(Extracted data entries)

BEGIN

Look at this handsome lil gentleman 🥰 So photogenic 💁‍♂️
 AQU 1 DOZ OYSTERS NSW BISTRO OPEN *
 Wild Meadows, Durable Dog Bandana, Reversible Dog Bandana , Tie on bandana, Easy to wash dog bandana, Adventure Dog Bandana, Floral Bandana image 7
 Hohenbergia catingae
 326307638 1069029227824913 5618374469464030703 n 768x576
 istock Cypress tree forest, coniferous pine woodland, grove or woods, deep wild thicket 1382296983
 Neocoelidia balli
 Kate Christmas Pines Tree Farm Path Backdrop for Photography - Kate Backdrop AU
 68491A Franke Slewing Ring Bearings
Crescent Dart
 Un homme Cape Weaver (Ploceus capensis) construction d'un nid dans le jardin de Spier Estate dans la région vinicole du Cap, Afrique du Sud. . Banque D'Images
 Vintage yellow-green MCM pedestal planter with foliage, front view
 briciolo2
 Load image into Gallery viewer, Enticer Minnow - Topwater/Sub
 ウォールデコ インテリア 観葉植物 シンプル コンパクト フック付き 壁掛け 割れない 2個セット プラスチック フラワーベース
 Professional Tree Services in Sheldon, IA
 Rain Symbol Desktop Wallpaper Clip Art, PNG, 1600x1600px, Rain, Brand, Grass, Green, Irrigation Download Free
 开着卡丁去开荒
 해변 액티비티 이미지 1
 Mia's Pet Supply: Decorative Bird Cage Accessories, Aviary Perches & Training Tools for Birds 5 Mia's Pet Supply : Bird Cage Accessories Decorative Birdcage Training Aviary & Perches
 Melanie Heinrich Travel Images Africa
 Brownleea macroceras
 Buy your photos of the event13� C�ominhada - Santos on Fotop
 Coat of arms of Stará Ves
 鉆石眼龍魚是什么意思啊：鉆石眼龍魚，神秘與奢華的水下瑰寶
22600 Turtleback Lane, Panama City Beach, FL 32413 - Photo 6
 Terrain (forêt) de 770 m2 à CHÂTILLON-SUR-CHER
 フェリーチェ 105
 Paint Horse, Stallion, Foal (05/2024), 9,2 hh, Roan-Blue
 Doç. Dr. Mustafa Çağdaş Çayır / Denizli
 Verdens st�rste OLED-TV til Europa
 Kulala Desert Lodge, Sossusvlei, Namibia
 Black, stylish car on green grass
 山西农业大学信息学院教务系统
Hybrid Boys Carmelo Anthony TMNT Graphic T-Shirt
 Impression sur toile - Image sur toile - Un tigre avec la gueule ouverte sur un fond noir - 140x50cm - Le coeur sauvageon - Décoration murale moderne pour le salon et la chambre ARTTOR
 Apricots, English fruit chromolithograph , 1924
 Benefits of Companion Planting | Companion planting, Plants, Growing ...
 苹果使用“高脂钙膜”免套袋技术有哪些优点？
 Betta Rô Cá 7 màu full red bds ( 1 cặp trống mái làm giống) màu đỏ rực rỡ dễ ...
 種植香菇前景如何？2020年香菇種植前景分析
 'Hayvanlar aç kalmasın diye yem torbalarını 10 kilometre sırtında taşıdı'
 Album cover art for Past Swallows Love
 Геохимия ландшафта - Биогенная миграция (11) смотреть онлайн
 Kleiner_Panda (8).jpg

END

• Work instructions: Write down every line of the data exactly as it appears above.

• Response for this exercise:
Look at this handsome lil gentleman 🥰 So photogenic 💁‍♂️
 AQU 1 DOZ OYSTERS NSW BISTRO OPEN *
 Wild Meadows, Durable Dog Bandana, Reversible Dog Bandana , Tie on bandana, Easy to wash dog bandana, Adventure Dog Bandana, Floral Bandana image 7
 Hohenbergia catingae
 326307638 1069029227824913 5618374469464030703 n 768x576
 istock Cypress tree forest, coniferous pine woodland, grove or woods, deep wild thicket 1382296983
 Neocoelidia balli
 Kate Christmas Pines Tree Farm Path Backdrop for Photography - Kate Backdrop AU
 68491A Franke Slewing Ring Bearings
Crescent Dart
 Un homme Cape Weaver (Ploceus capensis) construction d'un nid dans le jardin de Spier Estate dans la région vinicole du Cap, Afrique du Sud. . Banque D'Images
 Vintage yellow-green MCM pedestal planter with foliage, front view
 briciolo2
 Load image into Gallery viewer, Enticer Minnow - Topwater/Sub
 ウォールデコ インテリア 観葉植物 シンプル コンパクト フック付き 壁掛け 割れない 2個セット プラスチック フラワーベース
 Professional Tree Services in Sheldon, IA
 Rain Symbol Desktop Wallpaper Clip Art, PNG, 1600x1600px, Rain, Brand, Grass, Green, Irrigation Download Free
 开着卡丁去开荒
 해변 액티비티 이미지 1
 Mia's Pet Supply: Decorative Bird Cage Accessories, Aviary Perches & Training Tools for Birds 5 Mia's Pet Supply : Bird Cage Accessories Decorative Birdcage Training Aviary & Perches
 Melanie Heinrich Travel Images Africa
 Brownleea macroceras
 Buy your photos of the event13� C�ominhada - Santos on Fotop
 Coat of arms of Stará Ves
 鉆石眼龍魚是什么意思啊：鉆石眼龍魚，神秘與奢華的水下瑰寶
22600 Turtleback Lane, Panama City Beach, FL 32413 - Photo 6
 Terrain (forêt) de 770 m2 à CHÂTILLON-SUR-CHER
 フェリーチェ 105
 Paint Horse, Stallion, Foal (05/2024), 9,2 hh, Roan-Blue
 Doç. Dr. Mustafa Çağdaş Çayır / Denizli
 Verdens st�rste OLED-TV til Europa
 Kulala Desert Lodge, Sossusvlei, Namibia
 Black, stylish car on green grass
 山西农业大学信息学院教务系统
Hybrid Boys Carmelo Anthony TMNT Graphic T-Shirt
 Impression sur toile - Image sur toile - Un tigre avec la gueule ouverte sur un fond noir - 140x50cm - Le coeur sauvageon - Décoration murale moderne pour le salon et la chambre ARTTOR
 Apricots, English fruit chromolithograph , 1924
 Benefits of Companion Planting | Companion planting, Plants, Growing ...
 苹果使用“高脂钙膜”免套袋技术有哪些优点？
 Betta Rô Cá 7 màu full red bds ( 1 cặp trống mái làm giống) màu đỏ rực rỡ dễ ...
 種植香菇前景如何？2020年香菇種植前景分析
 'Hayvanlar aç kalmasın diye yem torbalarını 10 kilometre sırtında taşıdı'
 Album cover art for Past Swallows Love
 Геохимия ландшафта - Биогенная миграция (11) смотреть онлайн
 Kleiner_Panda (8).jpg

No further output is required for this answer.